4 Jan 2016
Outward Direct Investment Set to Exceed Annual Target
China's outward direct investment continued to register double-digit growth from January to November 2015, according to statistics from the Ministry of Commerce (MOFCOM).
And the country is expected to far exceed the annual 10% growth target for the whole year. The period also saw the proliferation of trade and economic cooperation zones overseas, infrastructure development and overseas contracted projects, with a significant increase in large-scale projects. China is in a stage of capital and industrial exports which effectively supports the Belt and Road Initiative and international cooperation in production capacity.

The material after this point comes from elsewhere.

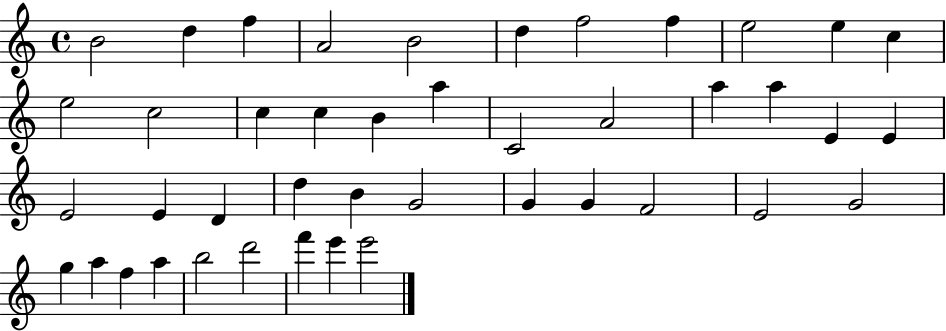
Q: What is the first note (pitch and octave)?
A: B4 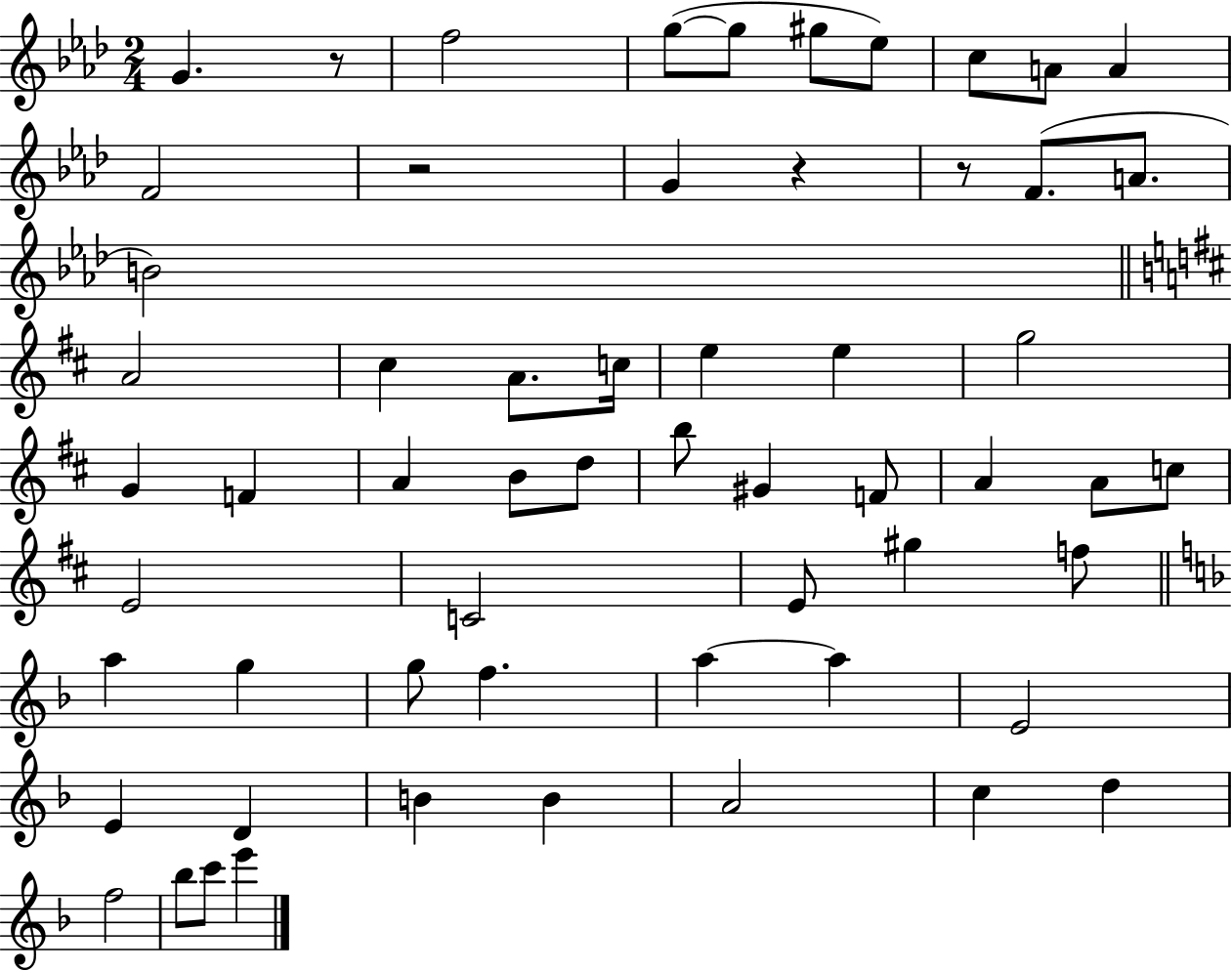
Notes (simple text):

G4/q. R/e F5/h G5/e G5/e G#5/e Eb5/e C5/e A4/e A4/q F4/h R/h G4/q R/q R/e F4/e. A4/e. B4/h A4/h C#5/q A4/e. C5/s E5/q E5/q G5/h G4/q F4/q A4/q B4/e D5/e B5/e G#4/q F4/e A4/q A4/e C5/e E4/h C4/h E4/e G#5/q F5/e A5/q G5/q G5/e F5/q. A5/q A5/q E4/h E4/q D4/q B4/q B4/q A4/h C5/q D5/q F5/h Bb5/e C6/e E6/q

China's non-financial overseas direct investment from January to November was US$104.13 billion, up 16% year on year. An official of MOFCOM’s Department of Outward Investment and Economic Cooperation said that the Belt and Road initiative played an important leading role. During the period, Chinese enterprises made direct investments in 49 countries along the Belt and Road route for a total value of US$14.01 billion, up 35.3% year on year.
During the period, Chinese enterprises signed 2,998 new contracts in projects covering 60 countries along the Belt and Road route for a combined contracted value of US$71.63 billion, accounting for 43.9% of the total value of China's contracted projects overseas over the same period, up 11.2% year on year. Turnover was US$57.33 billion, accounting for 44.1% of the total turnover of China's contracted projects overseas over the same period, up 6.4% year on year.
MOFCOM will continue to facilitate outward investment, implementing the management model with record filing as the mainstay. Foreign investment cooperation platforms will be actively built under agreements with the countries concerned. Major projects will be promoted by actively carrying out of industrial partnership, establishment of trade and economic cooperation zones overseas, infrastructural development and connectivity with the countries concerned. Supports for investment and financing will be enhanced, with arrangements to implement preferential credit, project finance and export insurance policy. Public service platforms for the "going out" of enterprises will also be improved.